I now work within the Infrastructure Projects Signalling team as the Programme Finance Manager for the Southern region. Within my current role, I work with a projects team who deliver around £120m/work a year. I am responsible for the governance around their spending to ensure that they are reporting robust financials. A large part of the role also involves accurate forecasting where it is essential that our spend forecast for the work bank over the next five years is as accurate as possible.
- What does an average day look like to you?
One of the things I enjoy about my role is that there isn’t a ‘typical day.’ My job differs depending on what is happening with projects, there is also a combination of internal deadlines such as forecasting and external factors such as funding constraints.
As an example, today I have been in a monthly business review for most of the day. I have been through the financials of each of our projects with the commercial team and project managers. I have looked into the ‘cost of work done’ stated in this accounting period and challenged project managers where appropriate. I have looked in detail at the amount they are accruing to ensure that this can be substantiated. I have also reviewed the forecast for each project, ensuring that the forecast over the next five years is as accurate as possible. I then spoke to our colleagues in the route and explained our forecast figures.
- What are the benefits of your job or favourite aspects?
Benefits of working for Network Rail are the excellent development opportunities which have involved big investments in staff training. The company also really offers a diverse range of experiences which has meant I’ve been involved in several placements and roles around the business.

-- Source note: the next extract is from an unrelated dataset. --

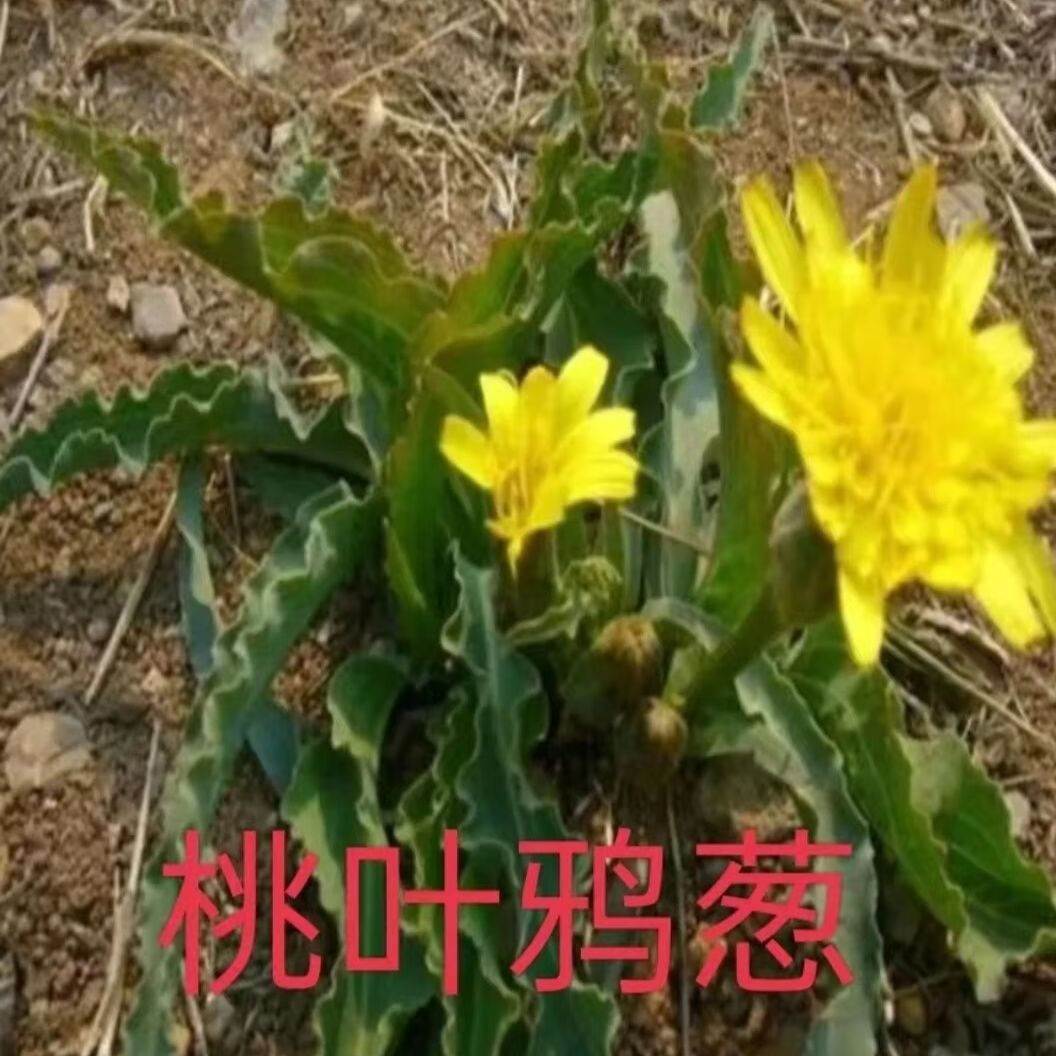 野生纯天然桃叶清热晒干罗罗葱路中药材桃叶新鲜食用树苗 野生路路葱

My favourite aspect of the job is that I get to work with a wide range of people rather than being sat at a desk doing sums all day! I work with a range of business partners from engineers to project manager and the commercial team in addition to meeting the deadlines set by our HQ. There is a great deal of variety in the role and overall I like the fact that the job feels worthwhile; the team are delivering signalling projects which will benefit the public and it’s great to be a part of ensuring that we have accurately forecast for this work.
- Why were you at the University of Kent?
I came along to the University careers fair to talk to students about the opportunities available at Network Rail. By the end of the day I’d spoken to what may even have been hundreds of students about the graduate schemes we offer. On the whole, it was really good to see how enthused students were about getting their careers started, with many first years already looking at internships and placement years.
- As someone who recruits graduates, could you tell me what you look for when interviewing? Or what could make someone stand out to you in the assessment centre?
I can only really give in my own experience of what I think makes a difference. Definitely to have done research before the assessment centre to make sure you understand what the company do, and their key values. Give some thought to your own strengths, weaknesses, and have a think about what you have done so far. Think about the transferable skills you have developed which would be useful to the scheme; these could be examples of when you have demonstrated effective teamwork, business partnering or when you had to overcome a difficult challenge.
- What tips could you give to students looking to enter the finance industry? Or a commercial graduate scheme in general?
Entering the finance graduate scheme, I’d say make the most of every opportunity to get involved in placements around the business. The graduate scheme is a great time to undertake placements around the business, and to really understand what the business does.